Re: [WikiEN-l] Hudong

2011-08-25 Thread Fred Bauder
Nevertheless I wouldn't be surprised to see a billion dollar IPO for
either of them.

Fred

 I think that it is also worth pointing out that, in my experience,
 articles
 on Hudong are pretty bad. They are poorly formatted, poorly written,
 generally lack inline referencing, and often have copyright violations.
 Baidu Baike is of somewhat higher quality, though I think that both pale
 in
 comparison to the best of Wikipedia. We definitely shouldn't be viewing
 this
 in number terms alone.

 I admit that I am not an editor on either of the Chinese online
 encyclopedias, but my impression is that editors there lack a sense of
 ownership over what they write. I don't mean ownership in the negative
 sense
 of owning individual articles, but in the positive sense of feeling like
 they have a say in how things are run. Nameless, faceless administrators
 censor politically objectionable content without explanation, and things
 like notability standards, template formatting and Manual of Style type
 issues don't seem to be addressed by the community.
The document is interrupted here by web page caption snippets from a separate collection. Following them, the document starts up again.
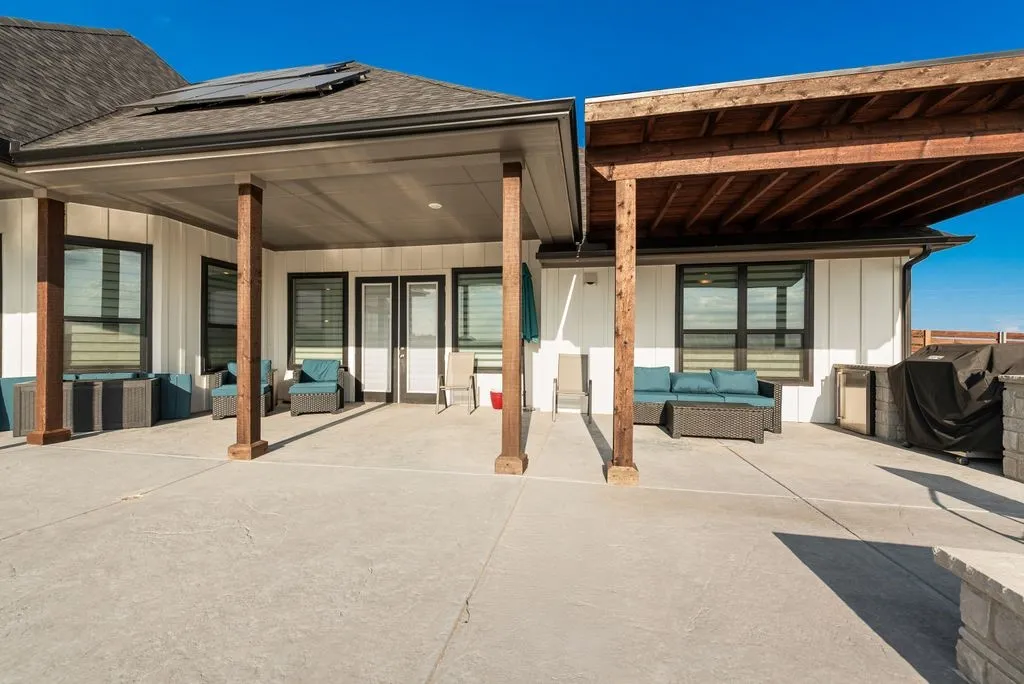 Single Family Residence For Sale in Ellis County , 481 Ike Road, Waxahachie, Texas 75165, 4 Bedroom, 5 Bathroom, 2 Garage spaces, 3,353 Sqft, built in 2021, mls#21380626, Real Estate Agent in Waxahachie, Homes For Sale in Ellis county, Homes For Sale in Waxahachie, Realtor in Waxahachie Texas, Real Estate Brokerage Independent Realty Texas, Luminita Cordes Realtor
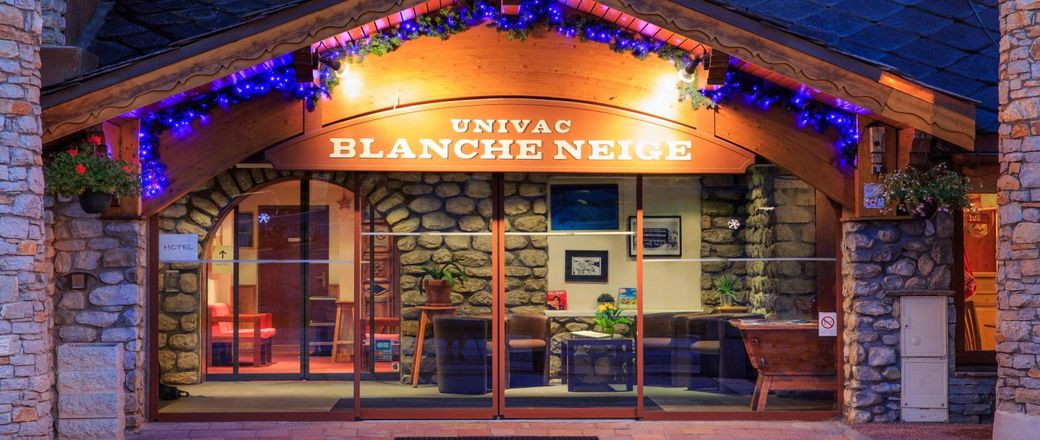 Hotel Blanche Neige Univac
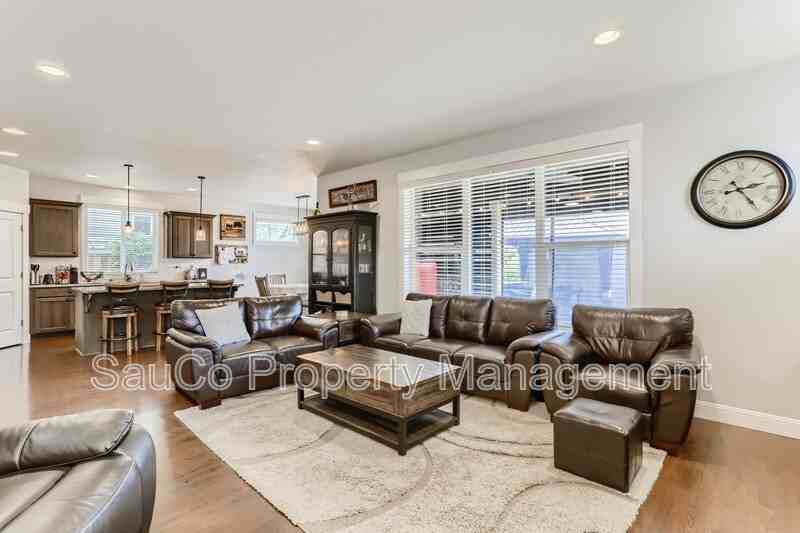 11219 Nw 325th Ave - Photo 4 of 27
As has been noted
 many
 times, there is a point system in which frequent editors can gain higher
 rankings, but these rankings seem to confer mostly prestige, and not much
 concrete beyond that. I'm not convinced that this model will produce a
 better encyclopedia in the long run.

 Of course, I freely admit that I am a Wikipedia guy, and don't go over to
 the Chinese encyclopedias much, so if I am missing some strong sense of
 purpose that is actually felt by editors there, someone else should chime
 in
 and let me know.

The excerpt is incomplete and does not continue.